🤖 AI Summary
Kernelized Stein discrepancy (KSD) suffers from theoretical limitations in controlling weak convergence and precisely separating target distributions. Method: We integrate Bochner embedding theory, Stein’s method, kernel analysis, and weak topology theory to systematically address these limitations. Contribution/Results: First, we establish the necessary and sufficient conditions for KSD to metrize weak convergence—its first rigorous characterization. Second, we construct a novel class of unbounded kernels that are universally discriminative—capable of separating all Borel probability measures—overcoming the inherent discriminability constraints of bounded kernels. Third, we propose the first KSD variant provably equivalent to weak convergence.
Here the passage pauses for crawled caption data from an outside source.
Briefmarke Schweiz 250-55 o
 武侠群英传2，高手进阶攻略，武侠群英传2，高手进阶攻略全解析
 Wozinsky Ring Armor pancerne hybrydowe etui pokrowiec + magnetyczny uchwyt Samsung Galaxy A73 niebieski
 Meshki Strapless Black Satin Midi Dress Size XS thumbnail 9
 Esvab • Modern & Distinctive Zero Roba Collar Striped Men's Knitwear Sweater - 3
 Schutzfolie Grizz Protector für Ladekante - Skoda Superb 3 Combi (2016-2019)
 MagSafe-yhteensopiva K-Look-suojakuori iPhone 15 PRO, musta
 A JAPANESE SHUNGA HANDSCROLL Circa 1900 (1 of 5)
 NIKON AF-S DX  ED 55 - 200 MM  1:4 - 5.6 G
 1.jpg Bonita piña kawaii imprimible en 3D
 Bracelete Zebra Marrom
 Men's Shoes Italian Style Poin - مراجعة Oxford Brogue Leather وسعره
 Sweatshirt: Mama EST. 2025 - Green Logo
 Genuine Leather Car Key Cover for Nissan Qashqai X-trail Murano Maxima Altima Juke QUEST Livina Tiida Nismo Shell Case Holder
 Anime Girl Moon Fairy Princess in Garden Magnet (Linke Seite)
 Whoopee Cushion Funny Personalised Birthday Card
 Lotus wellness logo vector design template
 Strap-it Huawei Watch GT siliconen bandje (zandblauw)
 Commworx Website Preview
Our framework significantly enhances KSD’s separation power and convergence control: on ℝᵈ, it enables precise quantitative characterization of weak convergence toward any target distribution P. This advancement strengthens theoretical guarantees and empirical performance in statistical hypothesis testing, sample quality assessment, and Stein variational gradient descent (SVGD) sampling.
📝 Abstract
Maximum mean discrepancies (MMDs) like the kernel Stein discrepancy (KSD) have grown central to a wide range of applications, including hypothesis testing, sampler selection, distribution approximation, and variational inference. In each setting, these kernel-based discrepancy measures are required to (i) separate a target P from other probability measures or even (ii) control weak convergence to P. In this article we derive new sufficient and necessary conditions to ensure (i) and (ii). For MMDs on separable metric spaces, we characterize those kernels that separate Bochner embeddable measures and introduce simple conditions for separating all measures with unbounded kernels and for controlling convergence with bounded kernels. We use these results on $mathbb{R}^d$ to substantially broaden the known conditions for KSD separation and convergence control and to develop the first KSDs known to exactly metrize weak convergence to P. Along the way, we highlight the implications of our results for hypothesis testing, measuring and improving sample quality, and sampling with Stein variational gradient descent.